**WHAT YOU NEED TO DO**.
Only the lines from the one containing "this 620×408 image." through the end of the listing are to be transcribed, exactly and with both ends included.

______

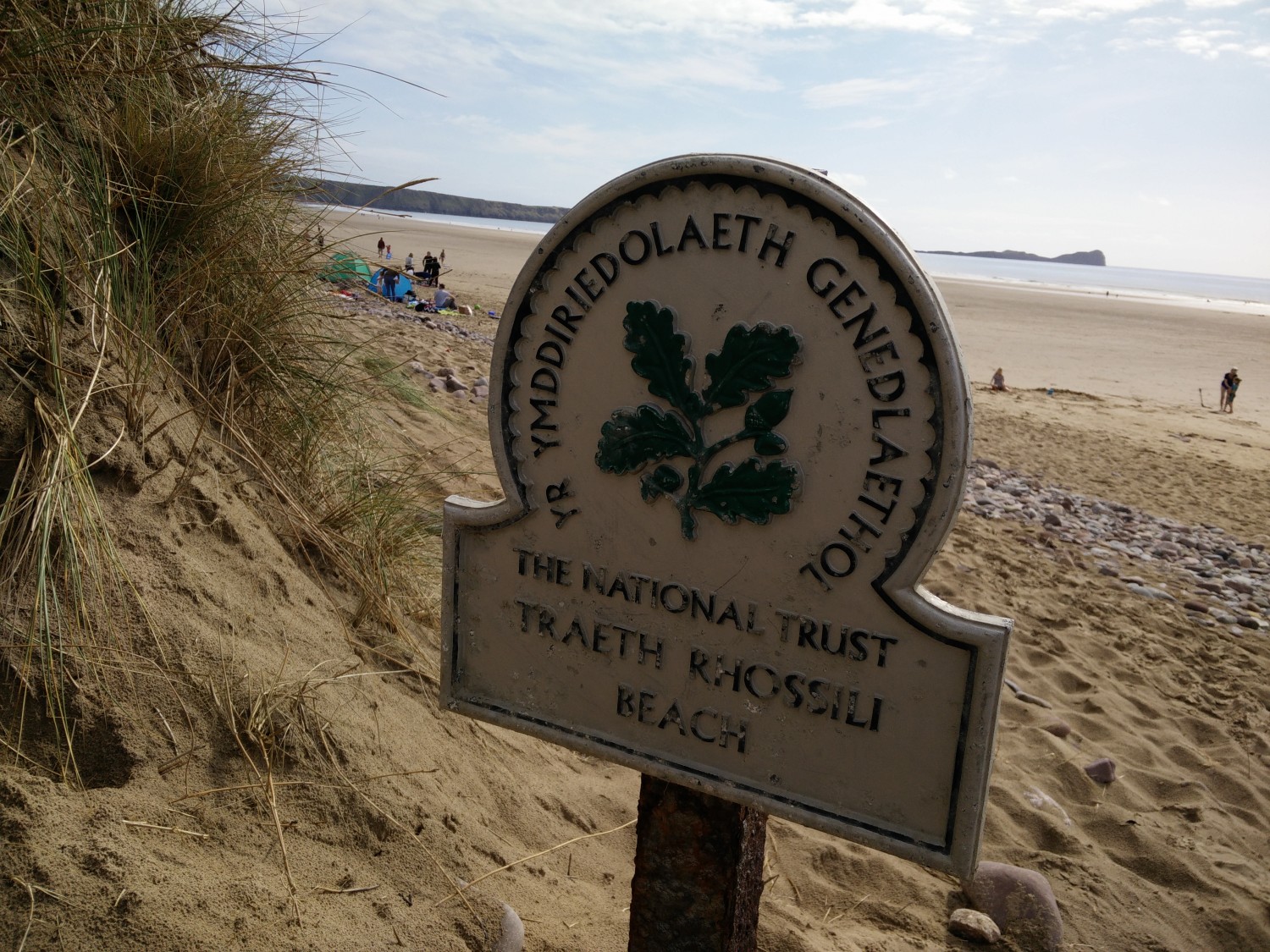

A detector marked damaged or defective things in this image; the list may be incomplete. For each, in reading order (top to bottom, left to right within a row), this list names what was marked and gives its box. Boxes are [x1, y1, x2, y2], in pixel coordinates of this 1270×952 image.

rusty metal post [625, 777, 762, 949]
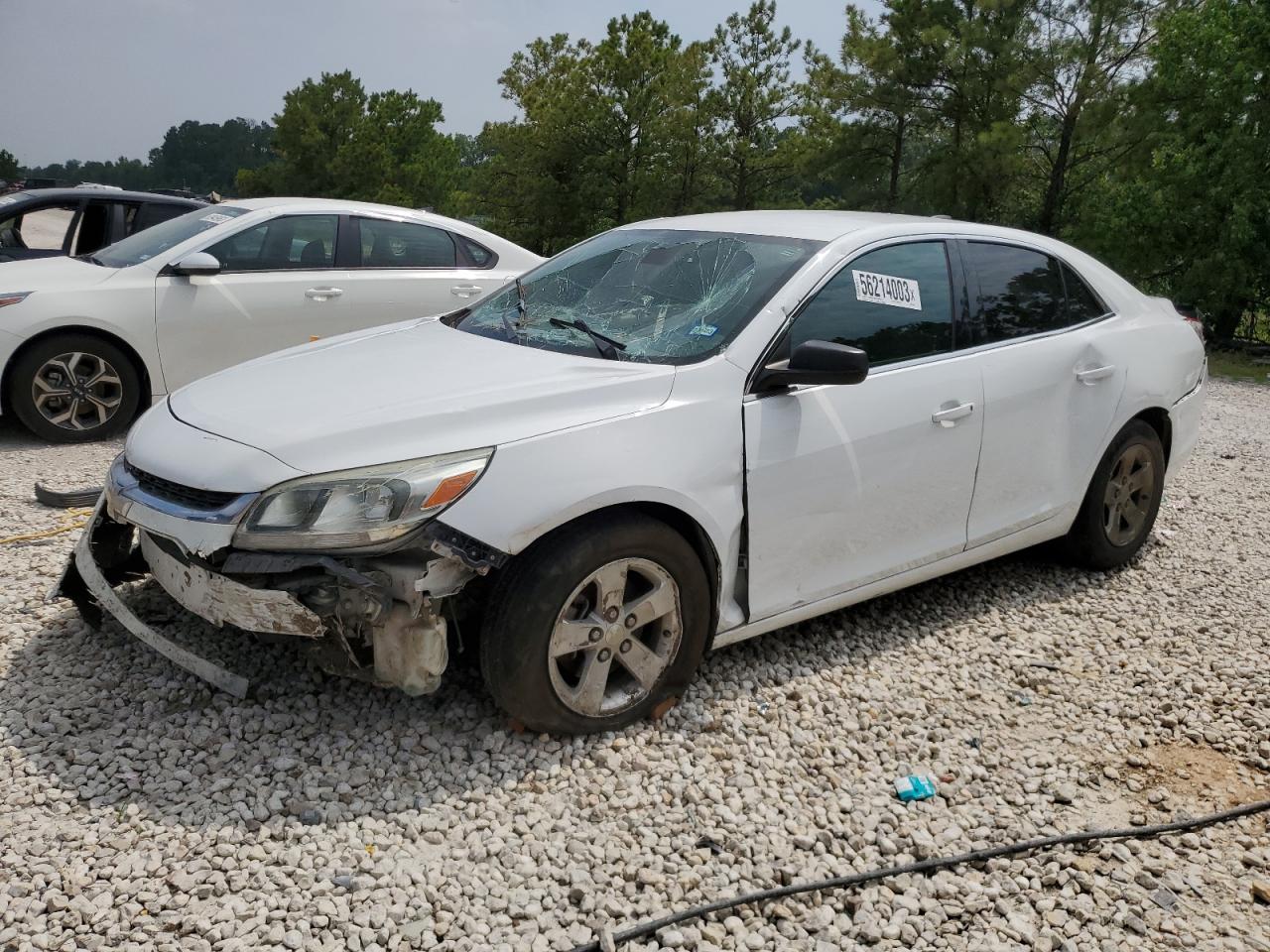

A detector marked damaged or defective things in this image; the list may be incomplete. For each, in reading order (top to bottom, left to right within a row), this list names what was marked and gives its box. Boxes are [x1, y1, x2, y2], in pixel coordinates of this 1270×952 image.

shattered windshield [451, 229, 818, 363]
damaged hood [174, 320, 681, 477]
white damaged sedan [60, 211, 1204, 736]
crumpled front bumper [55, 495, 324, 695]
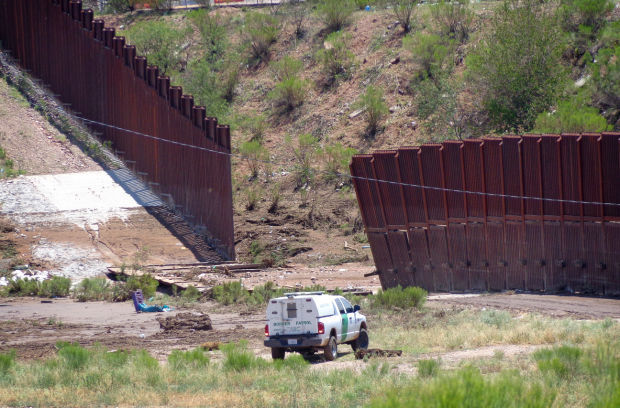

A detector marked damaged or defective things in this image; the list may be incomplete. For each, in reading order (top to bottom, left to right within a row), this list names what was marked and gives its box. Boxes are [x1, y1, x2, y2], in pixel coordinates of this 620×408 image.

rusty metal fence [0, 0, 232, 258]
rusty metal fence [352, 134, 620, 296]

______

**COMPLETED TASK**.
A detector marked damaged or defective things in this image; the list may be incomplete. For each, in reading order (top to bottom, left to right within a row), this list names what was marked and gives its box. Boxes are [x1, y1, x2, y2], in pixel coordinates of this 620×408 image.

rusty metal fence [0, 0, 232, 258]
rusty metal fence [352, 134, 620, 296]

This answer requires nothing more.